All experiments were performed according to the same scenario. Before measurements, the board was left for fifteen to twenty minutes in the refrigerator, where it was slightly below zero. Then it was naturally heated to room temperature for half an hour. Then the board and the resonator received warm air from the hair dryer for several minutes (here the same conditions did not work).
Good resonators behaved well, that is, in accordance with the temperature dependence of the AT cut of the crystal. These graphs (or multiple copies?) Are easy to find on the net. The results of measurements of three resonators at 16 MHz are shown below.
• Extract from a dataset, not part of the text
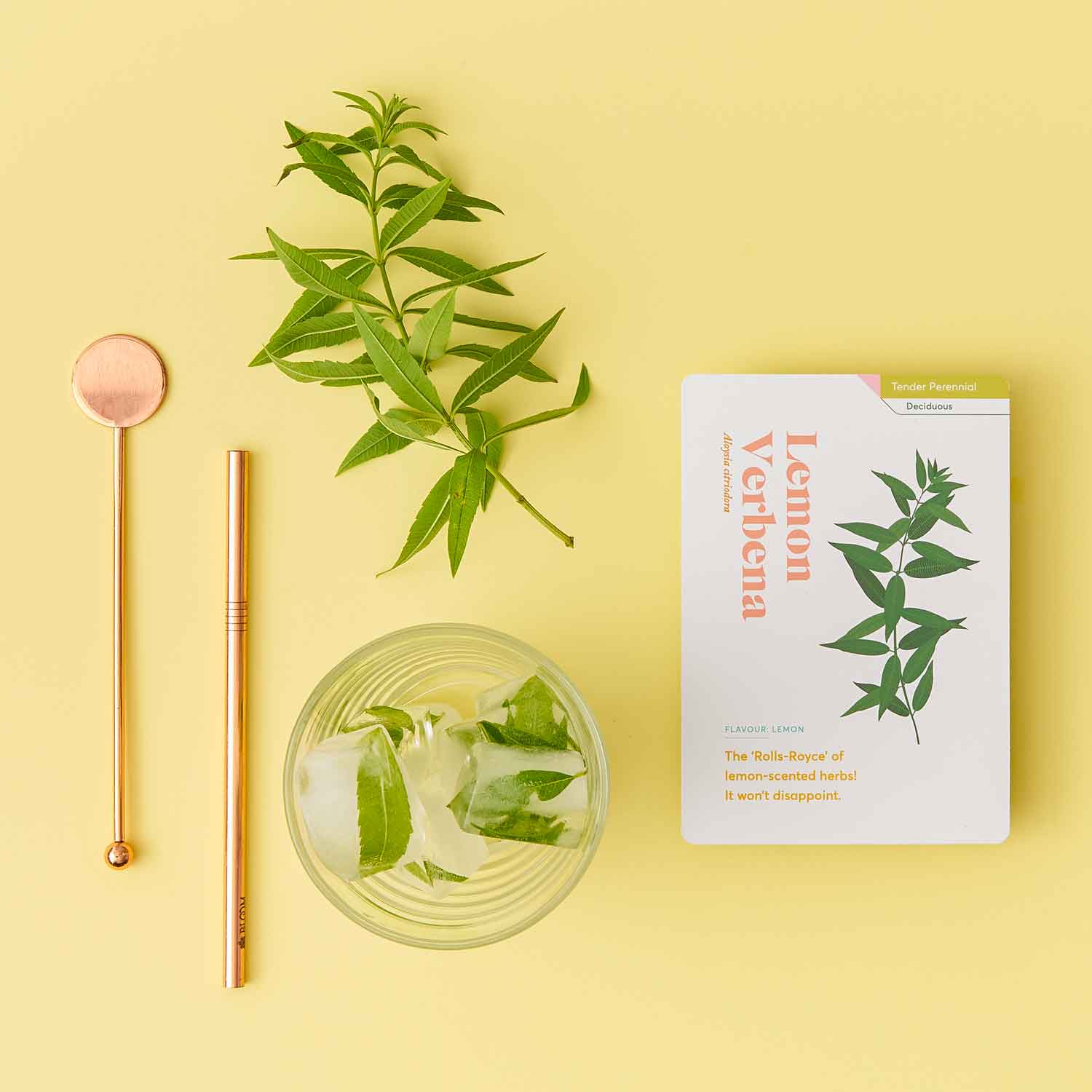 Herb Care Cards, botanical gardening tips & advice
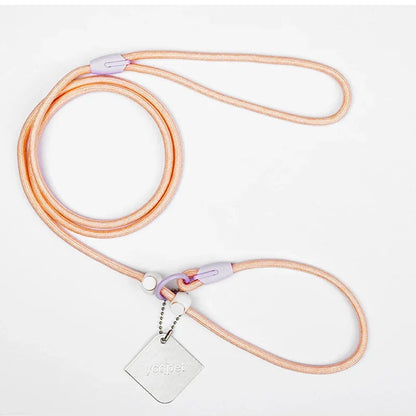 Dog Leash Slip Lead Rope Collar Strong Lightweight Braided Dog Training Leash No Pull Training Lead Leash for Medium & Small Dog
Then it turned out that there are exceptions to the usual picture of behavior. The data below shows two quartz of the same type and, most likely, of the same origin, which behaved differently.
On the resonator, which behaves as usual, I just breathed a little, and the second decided to heat more, because it showed itself differently. How easy it is to see the temperature dependence of him or shifted, or just another.
Another interesting observation. After exposure to temperature, the resonator does not return to past frequency values, or I did not have the patience to wait. In any case, it doesn’t matter if you don’t care about the signs after the sixth.
Here is another observation. This is one and the same resonator, which had to be measured twice, because it caused surprise. I have not yet found an explanation for such behavior and have not come up with.
It would be useful to remove the individual temperature dependence of the frequency for an individual resonator. Then you can make a highly stable generator of second intervals using a good temperature sensor and knowing the temperature curve of the resonator. However, this will already require a heat chamber. I wonder which temperature sensors can be considered good today?